During Morning Meeting, students are sometimes given a topic to focus on or their teacher may bring up something they’ve noticed in students’ class interactions. The group then will have a discussion or do non-verbal tasks related to the subject, such as play a game, write about it, take a survey, or create art. While they’re participating, they’re also working on their language and thinking skills. It’s a chance to intersect social, emotional, and academic learning.
“We always talk about a social-emotional topic,” said Bushey. “I might ask them to share their opinion on something or to let us know if they’ve ever felt a certain emotion. We are helping them learn what that emotion may feel like and how they can properly work through it. Many times, I’ll talk about a positive thing I’ve noticed in the classroom.”
Students are also invited to share things which are important to them.
“One boy had his mom bring in little chicks to show the class,” said McLenithan. “Knowing his interest helped me plan a lesson for the day. We did a whole unit on chicken and hens. He also was a quiet student. That boy was so proud of himself. He felt safe within the structure of our Morning Meeting time and it was a great day for him to shine.”
“My favorite thing about Morning Meeting is getting to share with people and having them share things,” said one second grader.
“When I brought in my Pokemon cards, said another second-grade student, “I found out that a boy in my class also liked Pokemon. I felt like I found a new friend.”
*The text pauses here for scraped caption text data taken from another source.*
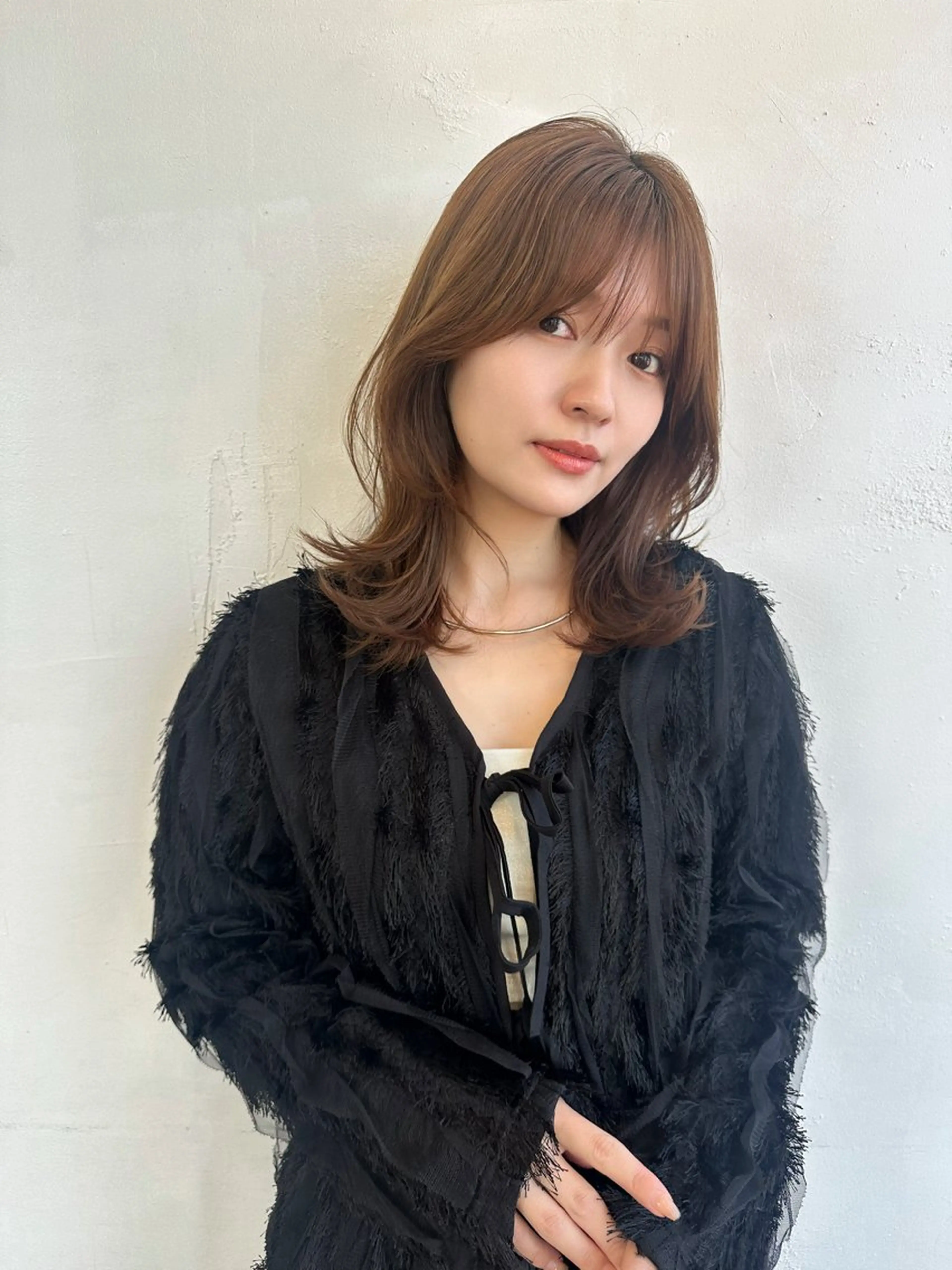 ミディアム 韓国風ヘア レイヤーカット 鎌倉 彩のヘアスタイル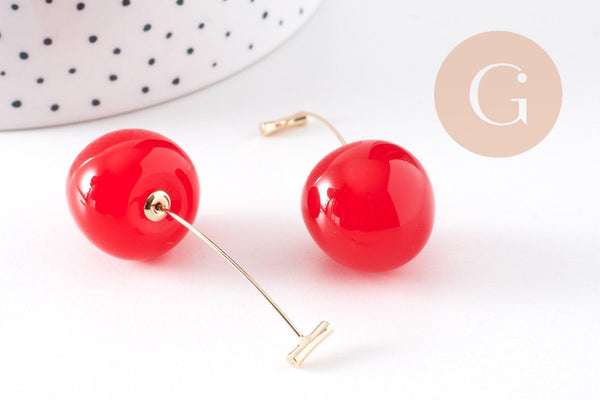 boucles d'oreille cerise résine rouge zamac doré 50mm, la paire (G10355)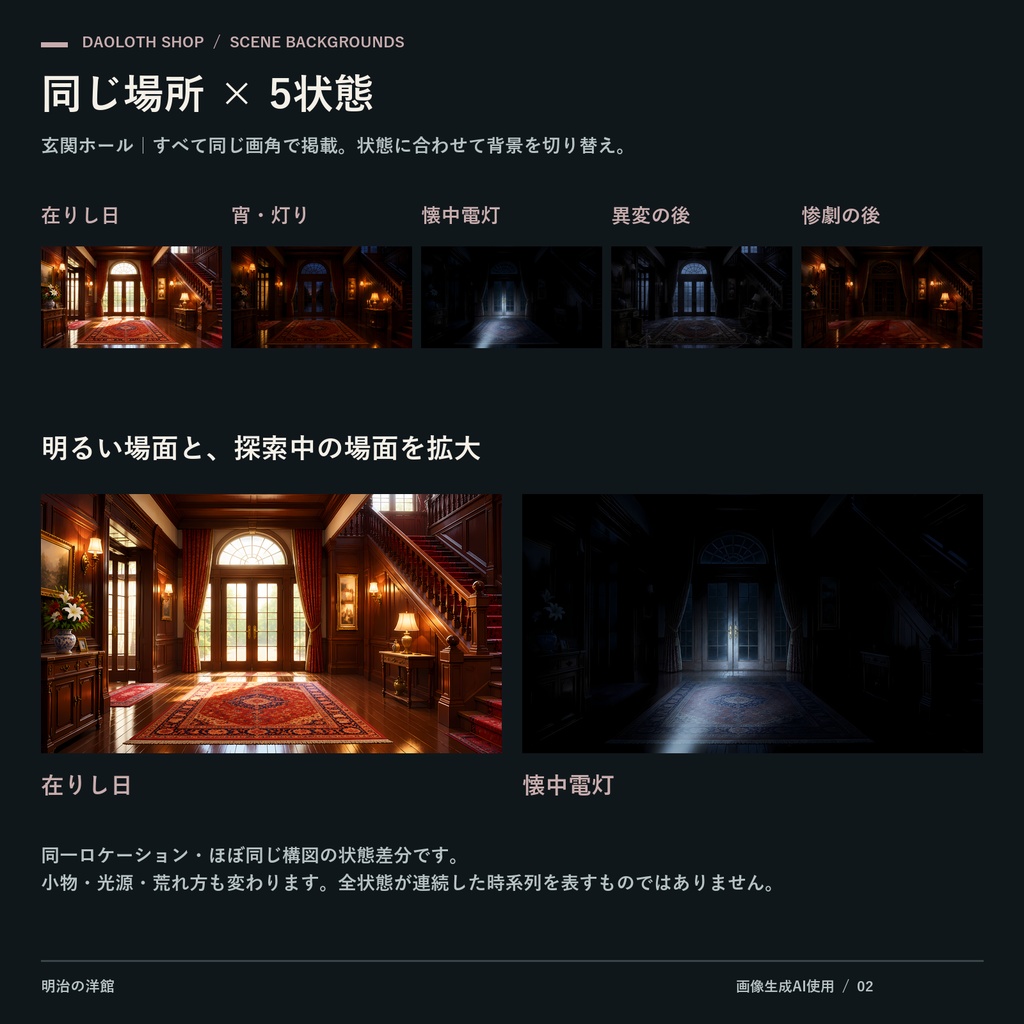 【TRPG・CoC背景素材】明治の洋館140枚|28カット×5状態・4K
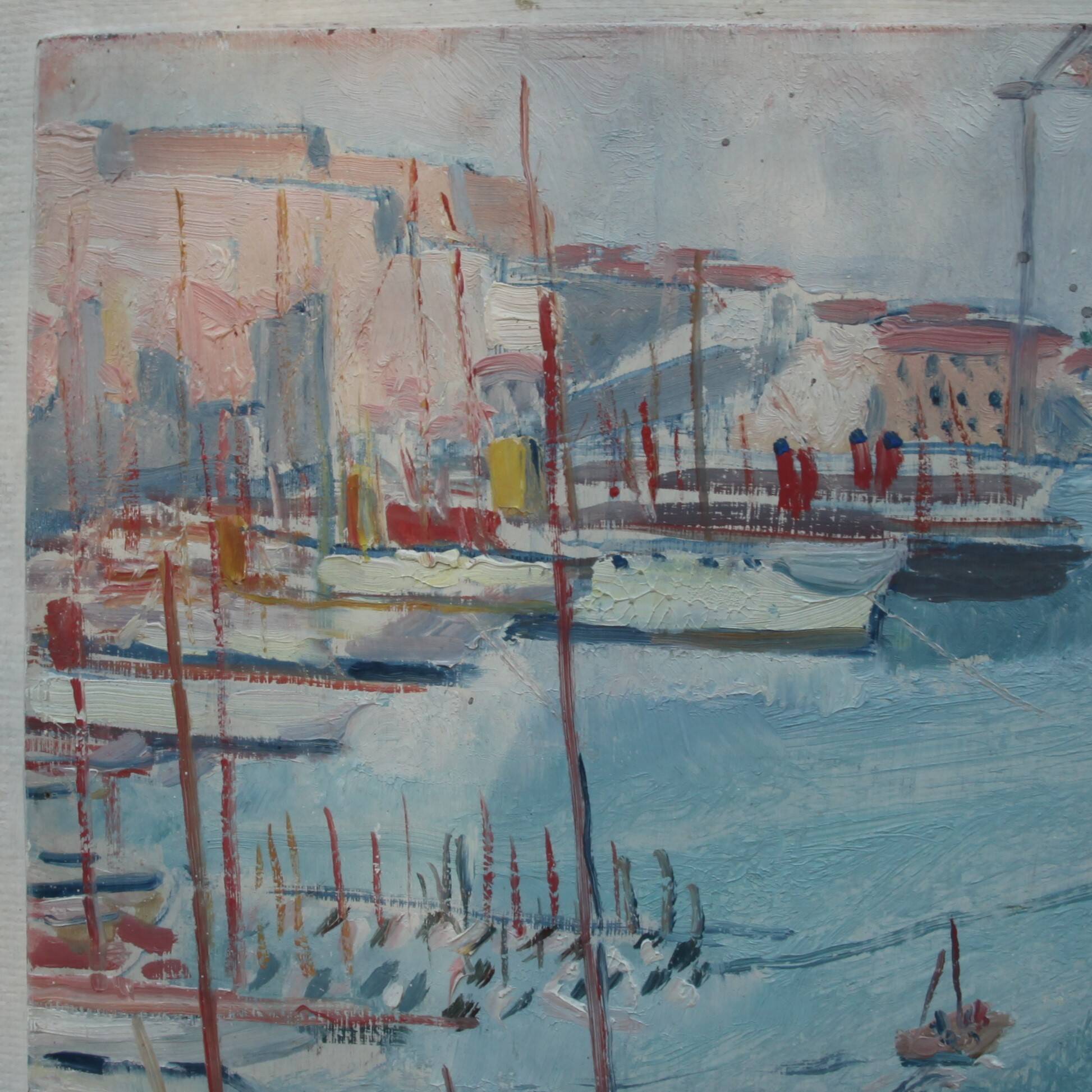 Huile sur panneau bois représentant le port de Marseille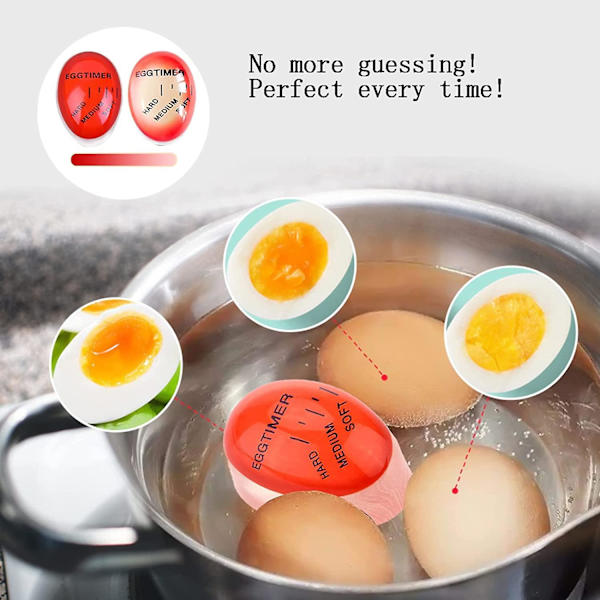 3 stk. Egg Cooking Timer, Egg Timer Thermal Egg Timer Boil Soft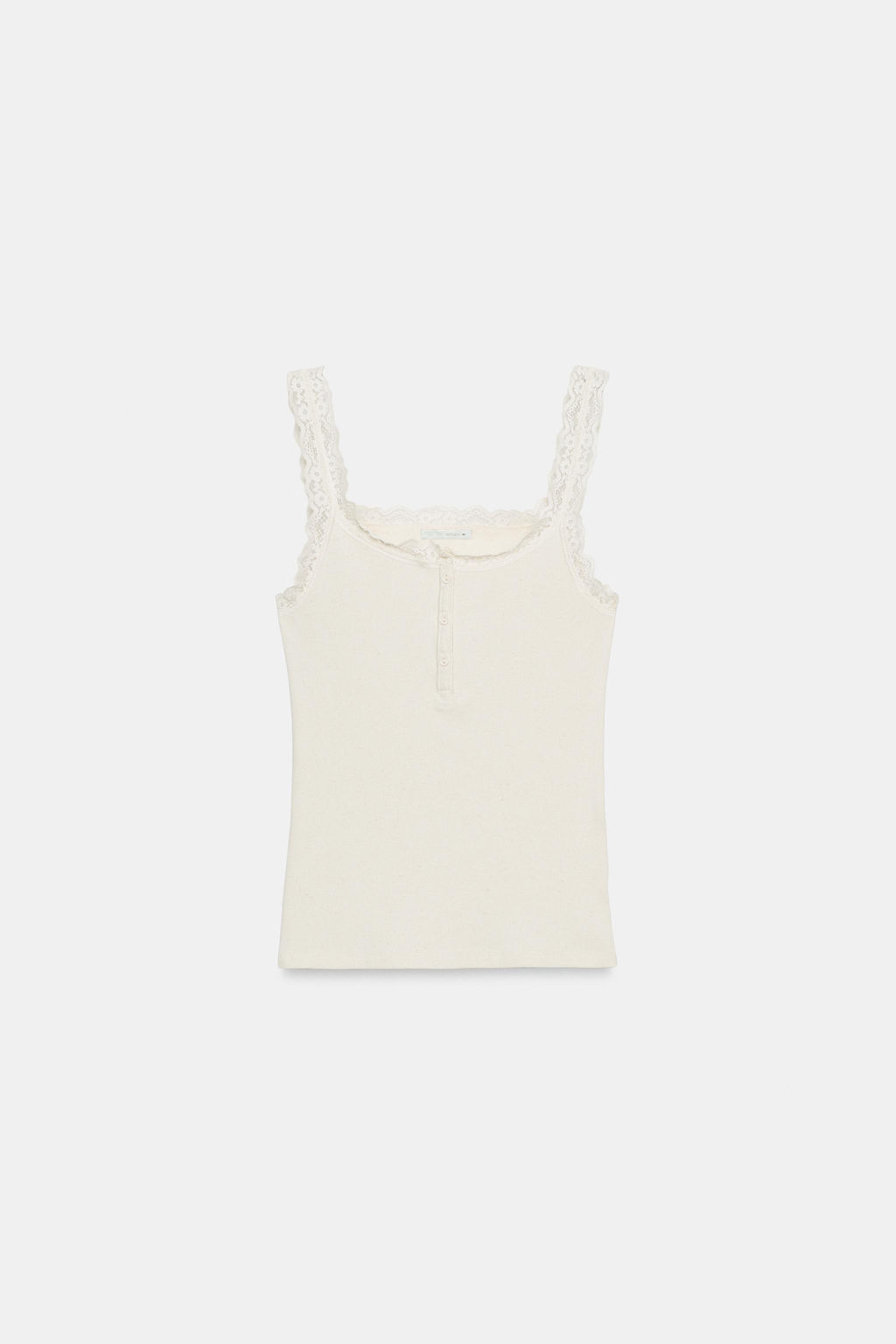 TOP PANADERO ENCAJE / Blanco roto - Zara фото 2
“When they come in, if they’ve had issues on the bus, or walking into class, or at night, instead of having to hold that in all day, they have the Morning Meeting to get that out with their peers or their teacher,” said McLenithan.
“We’re like a family in our class and we support each other.”
“If someone has something that broke, like a favorite toy, and they share that with the class, it kind of helps me understand what’s going on in their day and how they’re truly feeling and how I can help them get over it,” said a second-grader.
“When people are brave enough to share something, it makes me feel warm inside to know that I helped someone,” said her friend.
HFCS uses the Morning Meeting model developed by Responsive Classroom. Responsive Classroom is an evidence-based approach to teaching that focuses on engaging academics, positive community, effective management, and developmental awareness. It involves four elements: The Greeting, Sharing, a Group Activity, and a Morning Message.
For HFCS students, it gives them a chance to be heard, to build empathy, and to be more aware of their feelings and the feelings of others.
“At this age [UPK], they’re feeling a lot of feelings,” said Bushey, “but they don’t necessarily know what those feelings are or what they’re called. Morning Meeting gives us a chance to help them reflect in an age-appropriate way and to model for them proper ways to express those feelings.”
“It builds their self-confidence in and out of the classroom,” added McLenithan. “I find that the skills they learn in morning meeting are very important for test-taking. It also helps them feel comfortable reading or speaking up in class.”
Added one of the second graders, “When we are doing school activities, sometimes it can be challenging and this helps.”
School teachers and administrators are also finding that the skills that students are learning are far-reaching and sustainable.
“My students tell me that they use the skills they learn here when they’re at home to calm down or cope with something that’s difficult,” stated McLenithan. They use the strategies to stop themselves from getting into an argument with another student. One student told me he goes to his room to do belly breaths when he’s upset. Another said he feels mindful when he’s sitting quietly on the couch with his pet.”
“If I said today that we’re not going to do Morning Meeting, or we’re not going to do mindfulness, my students would say, ‘Why?’ and insist that we do it,” said McLenithan. “It has become a really important part of their day.”